Global productivity is not going to stop, either in China, the US or anywhere else. It is a fact of life. But the trade imbalances cannot continue. By definition, if a trend cannot continue, it will eventually reverse. Just like a stock market bubble, the longer a trend continues, the more out of balance the situation, the worse the eventual reversal.

Over the next few months, we are going to look at this situation quite closely.

Global Liquidity Falls

I know that much of this week's letter has been quotes, but some weeks I find that other people say what needs to be said. And that is the set-up for the piece we are going to look at next. I could ominously and simply say that global liquidity fell for the first time since December of 2001, and leave it at that. Or I could quote Ian Douglas of UBS in London in their Fixed Income Strategy Daily letter and let him give you more insight. I think the following is important, and I suggest you digest it. Under the heading that "The global liquidity cycle turns. Medium-term risk to asset prices" we read:

"Something was reported last week that hasn't been seen since Dec 2001. Global liquidity fell. Before you eject this mail into the filing system known as the recycle bin, let me try and highlight the importance of what has happened.

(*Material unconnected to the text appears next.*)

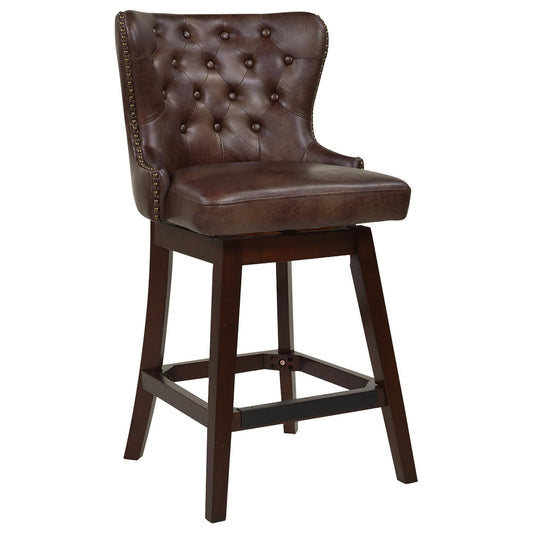 Holmes Tufted High-Back 360 Swivel Counter-Height Barstool Mid Brown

"The IMF publishes a monthly data series global FX reserves (ex-Gold). As the name suggests, this is a summation of the FX reserves of the world's central banks and is published as a dollar value. It can alternatively be thought of as global M1. It should come as no surprise to readers of this publication that FX reserves have been growing strongly through to the first quarter of this year. In the 12 months to Mar 04, global reserves grew by a staggering $791bn (equivalent to around 7.5% US GDP), a 30.3% year over year increase. The charts below illustrate the growth - in both levels and percentage terms.

"The global economy has obviously strengthened significantly over this period, but at nothing like the pace required to absorb this liquidity explosion. Global nominal GDP growth looks to have been running somewhere around the 5% mark over the same period. When global activity is weaker than the pace of global liquidity creation (or monetary growth) a situation of 'excess liquidity' develops - the scale of which is broadly determined by the GDP growth / monetary growth gap.

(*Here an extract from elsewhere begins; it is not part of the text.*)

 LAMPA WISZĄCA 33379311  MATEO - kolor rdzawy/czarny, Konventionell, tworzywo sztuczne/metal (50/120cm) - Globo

"This excess needs a home. If real economic activity is not strong enough to absorb the cash it tends to find its way into asset prices and periods of high levels of liquidity growth are typically associated with asset price inflation. In its most obvious guise, this is the inflation of short-dated US security prices which would surely be at higher yields had the central banks of Asia not been on the bid.

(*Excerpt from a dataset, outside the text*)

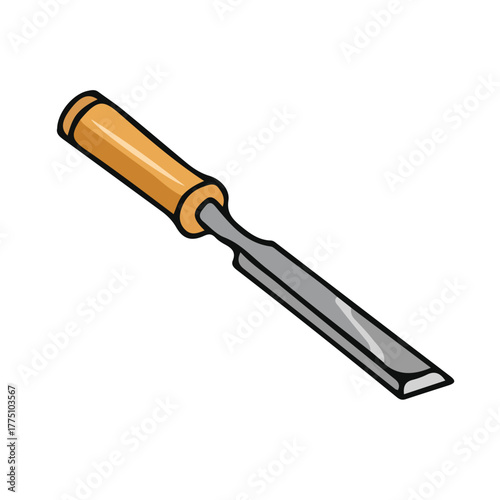 Wood Carving Tool Vector – Handcrafted Logo and Sticker Design for Woodworking and Craftsmanship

"But the asset price inflation has been and usually is a wider phenomenon than just bidding up short dated risk free asset prices. What also typically characterises periods of high excess liquidity is a fall in risk aversion (the cheaper the money the lower the relative cost of risk) and therefore a strong performance from risks assets. The year long rebound in global equity prices and strong performance of low grade credit and emerging markets need to be seen in this context. (So should strong house price growth in most parts of the world, old master painting prices making new highs, strong fine wine prices, and doubtless many other examples). Note also that previous spikes in liquidity growth have been similarly associated (eg the equity bull market of the 85-87 period).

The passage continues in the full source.